Modern Steel Windows: Will they Stand the Test of Time?

Steel windows and doors have made a monumental revival from the historic factory-style steel windows of the late 19th century. Today’s modern steel window and door might surprise you as thermal efficiency, durability and upkeep are better than ever. Additionally, thin lines, large glass, and maximum daylighting make these products enduringly popular with architects and designers from every design medium. But as many have seen historic steel windows succumb to corrosion and rust, the question arises:

How well do modern steel windows and doors hold up over time?

The Modern Steel Window

The evolution of the historic steel window unifies the classic look of wrought iron steel with the best window technologies of today. Integrating old world craftsmanship with new world technology creates a product that is inherently strong and timeless, while also energy efficient, and resistant to condensation and corrosion. Advanced window technologies such as innovative thermal design, high-performance glazing, and progressive finish options are a few features that have helped the steel window evolve into what it is today.

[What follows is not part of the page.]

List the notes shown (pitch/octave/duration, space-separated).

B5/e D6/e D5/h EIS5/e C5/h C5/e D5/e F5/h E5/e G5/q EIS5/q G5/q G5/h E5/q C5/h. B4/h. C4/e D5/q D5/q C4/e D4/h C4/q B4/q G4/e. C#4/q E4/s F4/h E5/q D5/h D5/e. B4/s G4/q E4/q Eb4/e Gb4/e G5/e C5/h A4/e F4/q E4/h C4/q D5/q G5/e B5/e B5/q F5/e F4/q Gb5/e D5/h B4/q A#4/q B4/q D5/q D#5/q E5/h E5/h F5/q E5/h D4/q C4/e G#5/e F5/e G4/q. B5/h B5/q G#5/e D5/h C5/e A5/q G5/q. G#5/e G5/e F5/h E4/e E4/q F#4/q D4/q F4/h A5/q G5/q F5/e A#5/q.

Progress Finish Options: Zinc Coating Offers Dual Protection

Applying a protective layer of zinc to a steel window or door product is the most common method used for corrosion resistance. Better known as galvanizing, zinc’s sacrificial properties buffer the steel from atmospheric oxidation that leads to unsightly rust. Zinc offers protection to steel in the following two ways:

  • Barrier Protection: zinc acts as a barrier to the steel by providing an impervious seal from environmental corrosion.
  • Cathodic Protection: Zinc provides cathodic protection at exposed areas. If the coating is scratched the zinc acts as a sacrificial anode by forming a galvanic cell that protects the base steel from corrosion.

Application of the zinc coating can be achieved through various methods including zinc-rich paint, hot-dip galvanizing, and zinc spray metalizing.

Hot-Dip Galvanizing for Thermally Broken Profiles?

Hot-dip galvanizing is the process of submerging steel into a pool of molten zinc to create a uniform thickness of protection. The hot-dip process is effective at providing a typical coating thickness between 2-6 mils (.002-.006 in). It is cautioned that thermally broken steel profiles should not be treated with this process because the high heat is subject to causing distortion and warping of the insulating features. For solid steel profiles, the risk of warping and distortion as a result of uneven heating is still a concern. Be sure to look for manufacturers who follow the guidelines for safeguarding hot-dip galvanizing as outlined in ASTM A384.

Added Protection Life with Zinc Spray Metalizing

Unknown to most, zinc spray metalizing or thermally sprayed zinc is a highly effective method for applying zinc to steel windows and doors. This method of application involves airstream spraying molten zinc particles onto an abrasive prepared steel surface. The zinc particles are flattened on impact and chemically adhere to form an even coating of corrosion protection. Unlike hot-dip, the spray metalizing process avoids significant heat input that may cause distortion and warping of the steel substrait, and cold rolled thermally broken steel profiles. Zinc spray metalizing also offers additional protection life to the product as all window and door components can be re-coated after all final welding, drilling, and machining is complete. With other galvanizing methods, this step is commonly skipped and could ultimately cause corrosion issues down the road.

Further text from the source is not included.